A price war looms in China’s emerging 3G market, with China Mobile reportedly planning to increase its handset subsidies nearly threefold next year to more than 30 billion yuan ($4.4 billion).
Competition in China has stepped up this year following an industry reshuffle a year ago that brought China Telecom into the mobile market with Unicom’s CDMA network.
All three carriers have commercially launched their 3G networks over the recent months, but take-up has been slow. Market leader Mobile has been hamstrung by the limited number of handsets for the new TD-SCDMA system.
But now with its device range expanding and the network expected to be rolled out to 238 cities by year-end, the market’s 800-pound gorilla appears ready to assert itself.
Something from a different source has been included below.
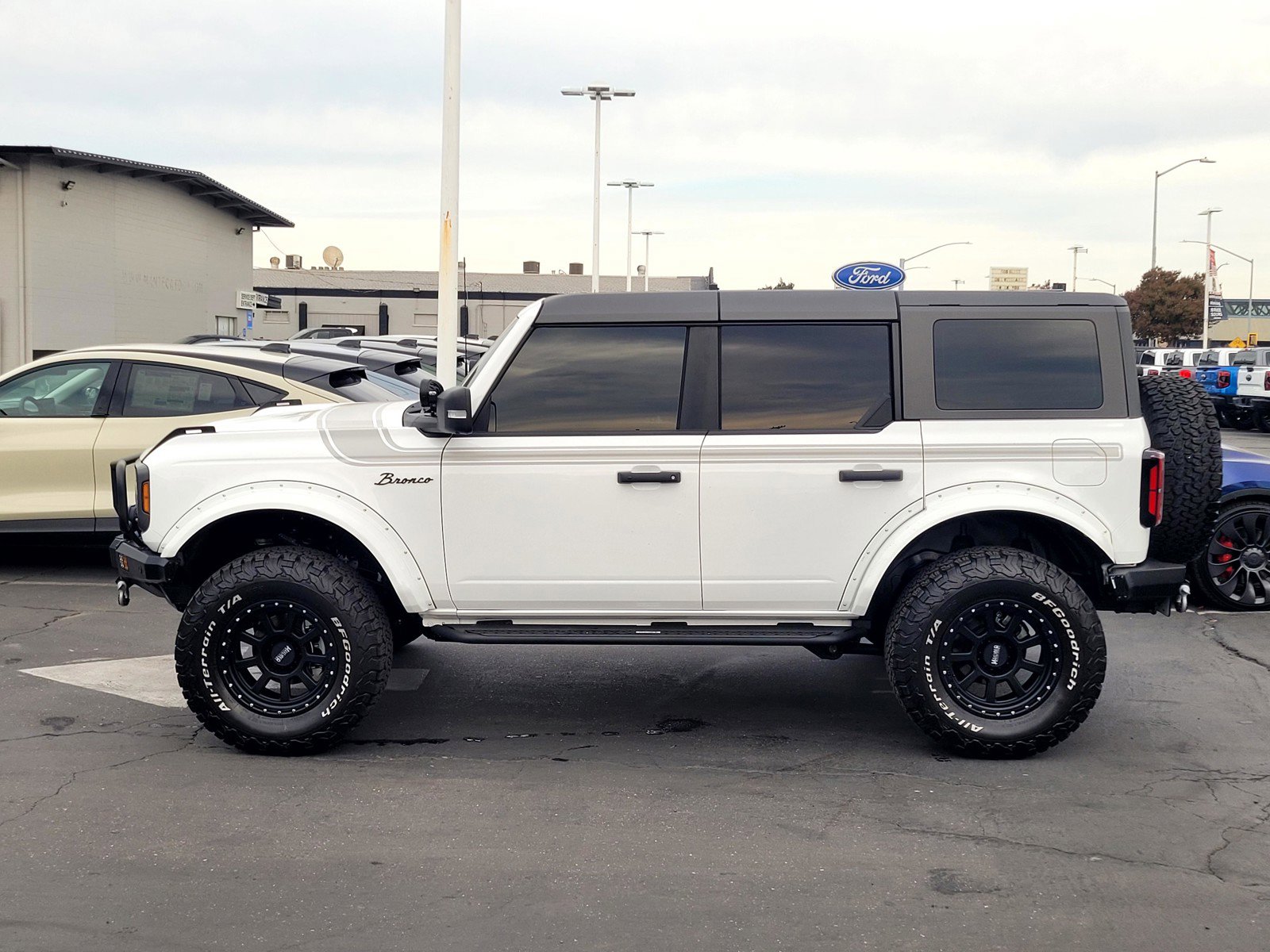 Used 2023 Ford Bronco Wildtrak image 7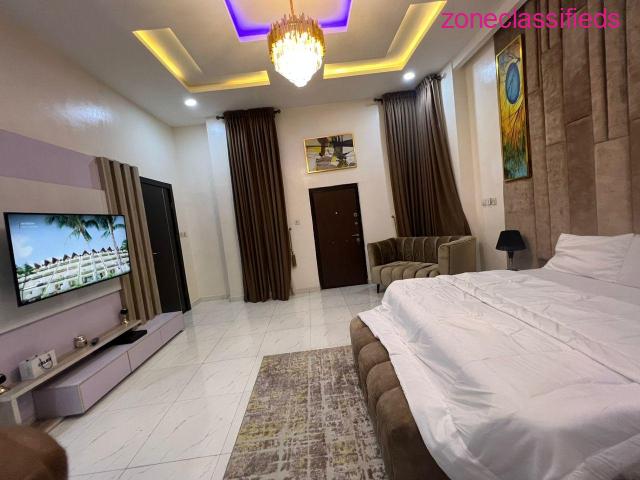 SHORT-STAY ROOMS IN A LUXURIOUSLY 4BED DUPLEX IN A SECURED ESTATE (CALL 08139209392) - 9/10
Analyst firm BDA says China Mobile plans to spend 120 billion yuan on handset subsidies this year, most of it on TD-SCDMA. It laid out 50 billion on subsidizing phones in the first half of the year, with less than 12% going to TD phones.
Now a China Mobile source told has told website C114 that the company would leverage its financial strengths “to stage a price war to resist Telecom’s and Unicom’s 3G” services.
China Mobile has 503 million users, Unicom 142 million and China Telecom 44 million customers. Of these 3G comprises a tiny fraction - China Mobile has 1.3 million using TD-SCDMA, Unicom 350,000 using W-CDMA and China Telecom 1.3 million on its CDMA EV-DO network.
A China Unicom source said Mobile was being too hasty in planning a subsidy war, saying his company has already been hurt by its subsidized prices.